━━ Data to examine ━━

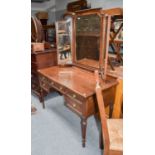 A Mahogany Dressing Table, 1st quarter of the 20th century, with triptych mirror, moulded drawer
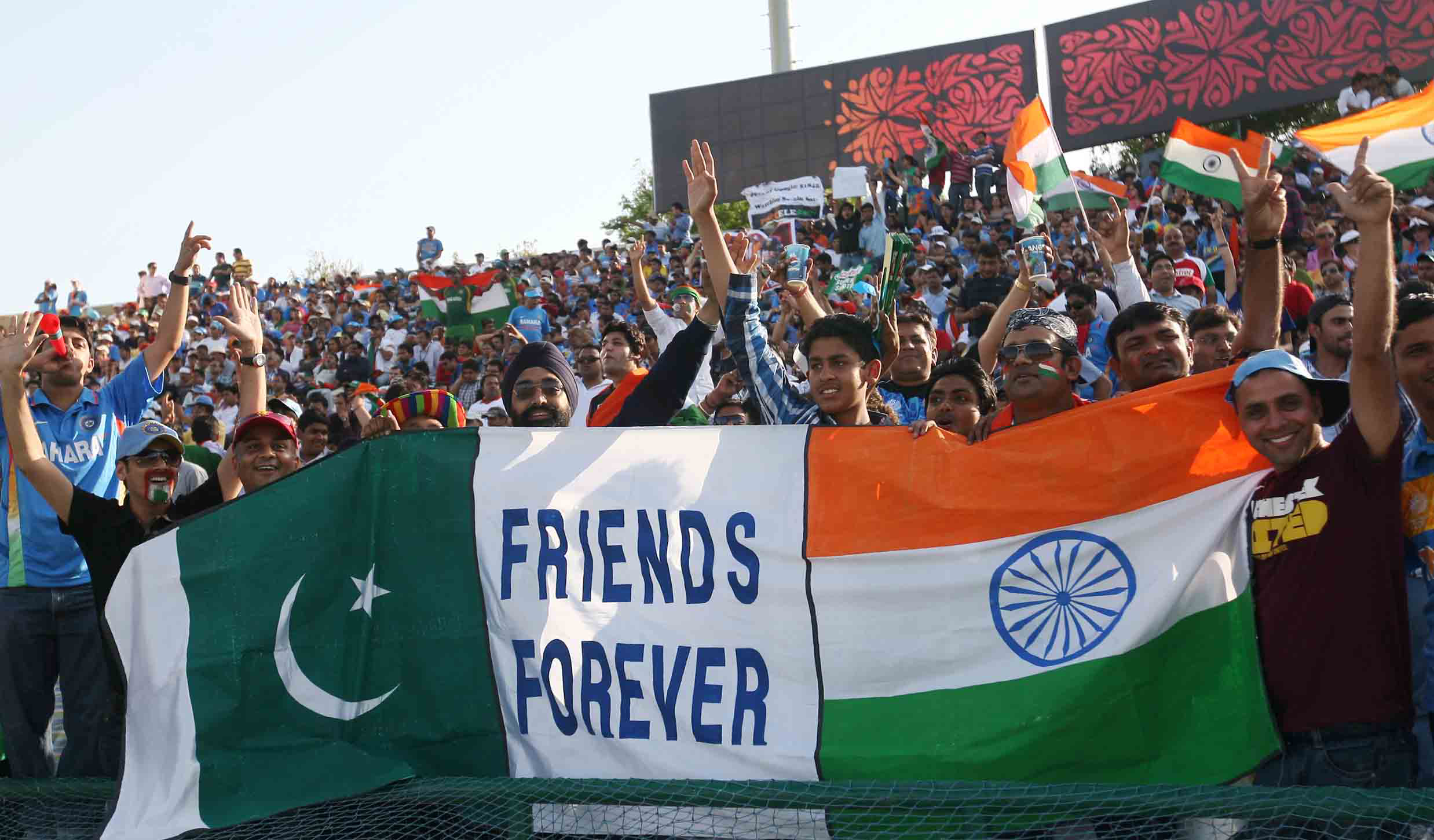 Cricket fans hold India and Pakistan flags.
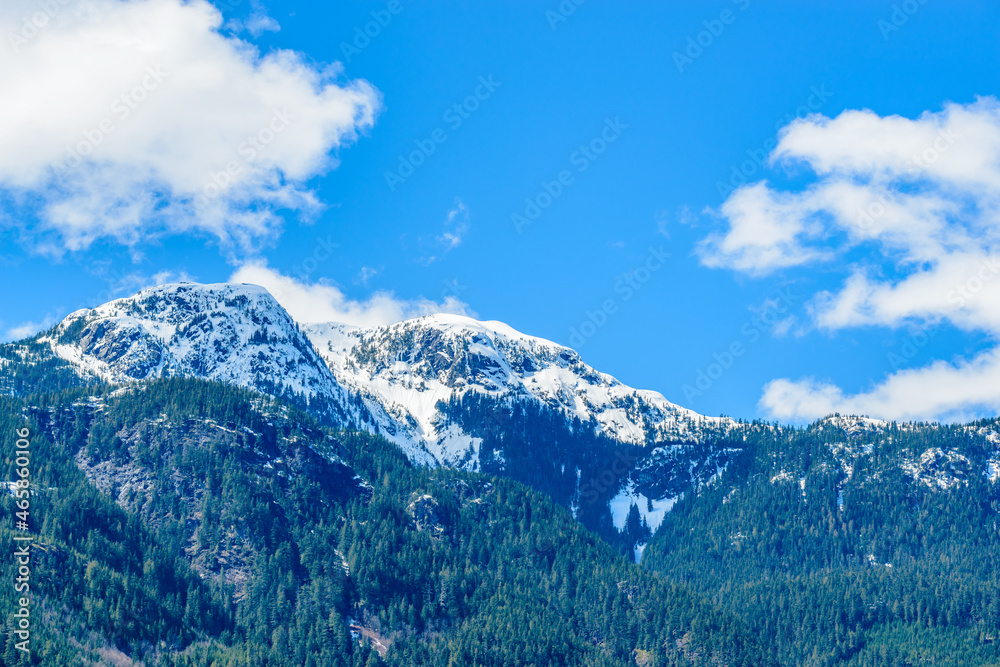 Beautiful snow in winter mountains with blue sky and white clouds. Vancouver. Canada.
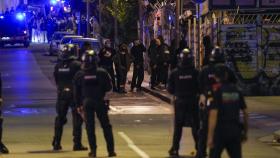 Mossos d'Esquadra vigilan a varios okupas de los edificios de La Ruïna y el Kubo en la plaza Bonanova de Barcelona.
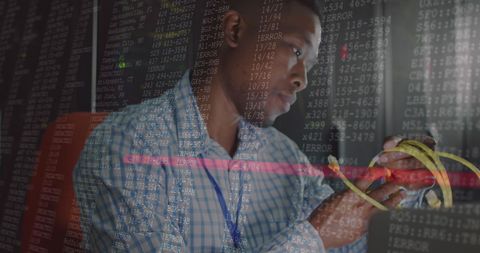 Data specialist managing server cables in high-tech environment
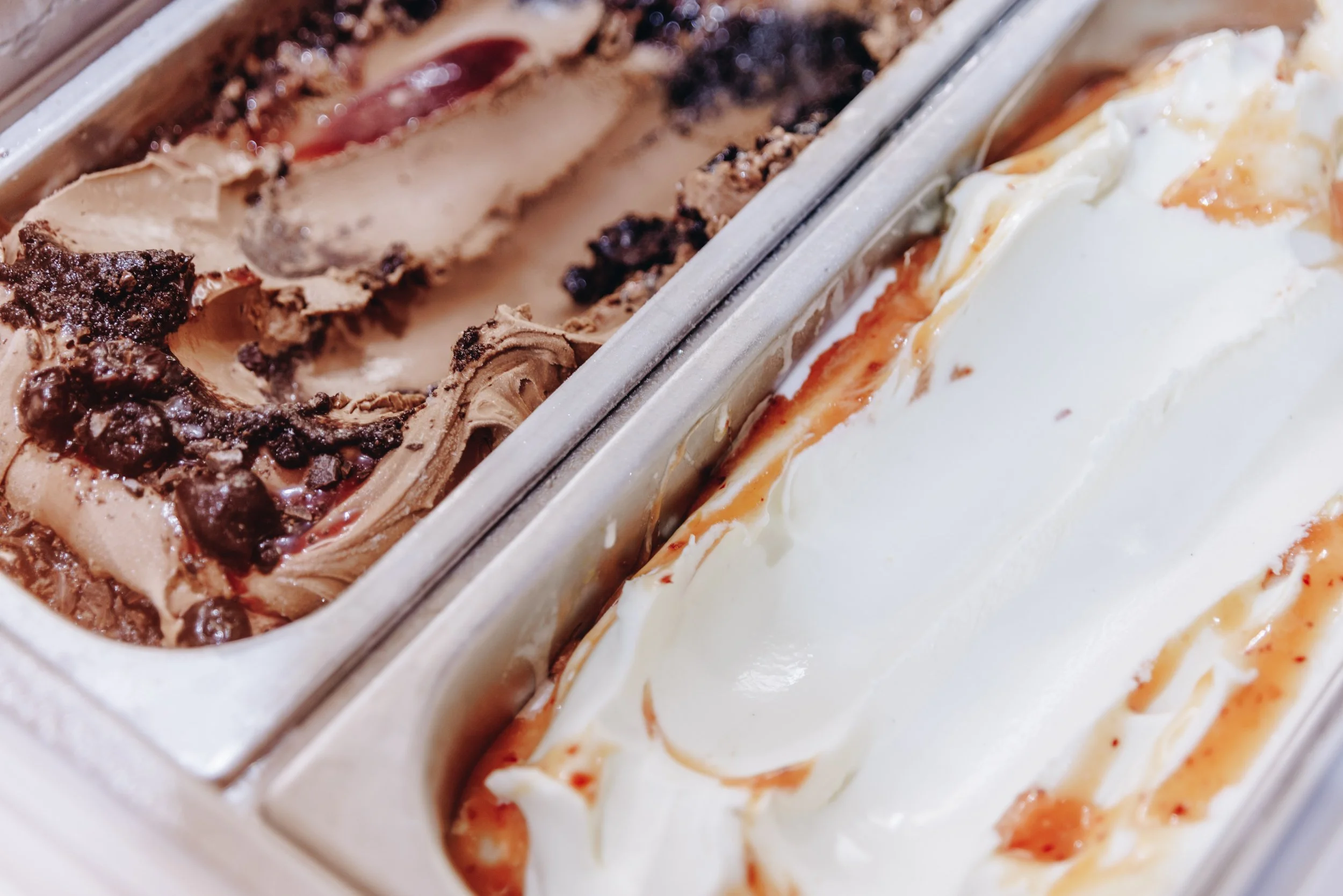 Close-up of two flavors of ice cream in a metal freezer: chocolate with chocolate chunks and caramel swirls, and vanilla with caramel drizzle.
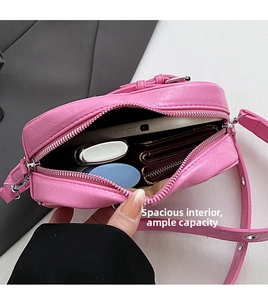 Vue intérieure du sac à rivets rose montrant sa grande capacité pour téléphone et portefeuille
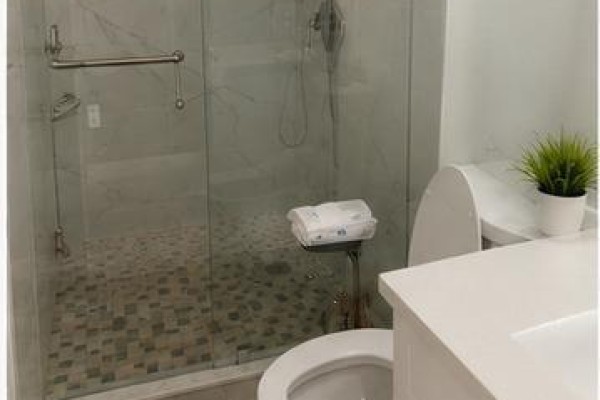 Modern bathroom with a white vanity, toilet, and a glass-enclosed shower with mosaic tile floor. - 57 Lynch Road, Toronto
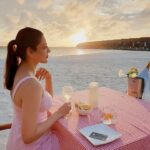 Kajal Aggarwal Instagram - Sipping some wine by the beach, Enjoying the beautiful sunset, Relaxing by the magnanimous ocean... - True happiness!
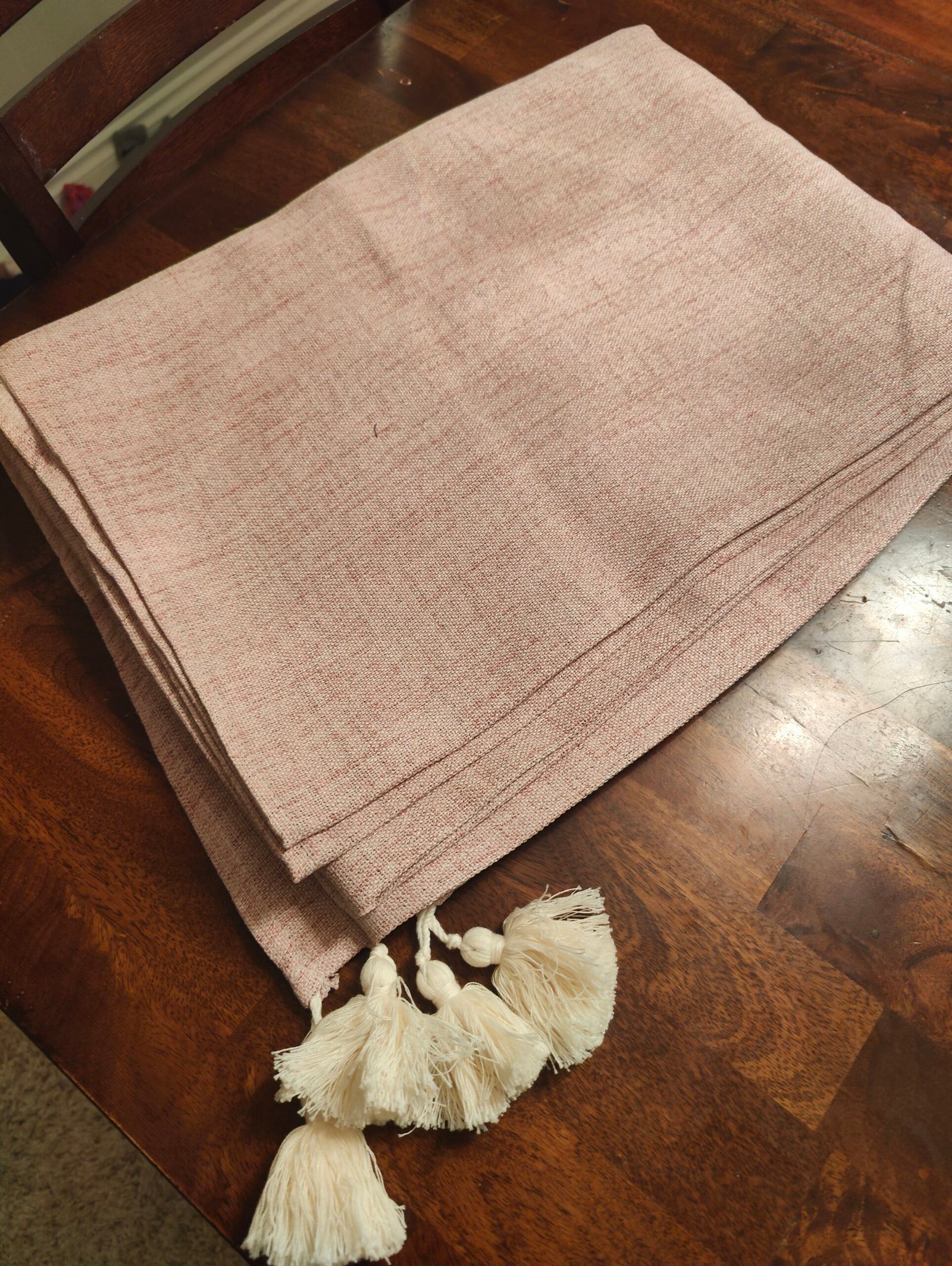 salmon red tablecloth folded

━━━

#### [Task to carry out]
This exercise asks for the data above to be given again exactly, without pictures.

#### [Response to this task]
 A Mahogany Dressing Table, 1st quarter of the 20th century, with triptych mirror, moulded drawer
 Cricket fans hold India and Pakistan flags.
 Beautiful snow in winter mountains with blue sky and white clouds. Vancouver. Canada.
 Mossos d'Esquadra vigilan a varios okupas de los edificios de La Ruïna y el Kubo en la plaza Bonanova de Barcelona.
 Data specialist managing server cables in high-tech environment
 Close-up of two flavors of ice cream in a metal freezer: chocolate with chocolate chunks and caramel swirls, and vanilla with caramel drizzle.
 Vue intérieure du sac à rivets rose montrant sa grande capacité pour téléphone et portefeuille
 Modern bathroom with a white vanity, toilet, and a glass-enclosed shower with mosaic tile floor. - 57 Lynch Road, Toronto
 Kajal Aggarwal Instagram - Sipping some wine by the beach, Enjoying the beautiful sunset, Relaxing by the magnanimous ocean... - True happiness!
 salmon red tablecloth folded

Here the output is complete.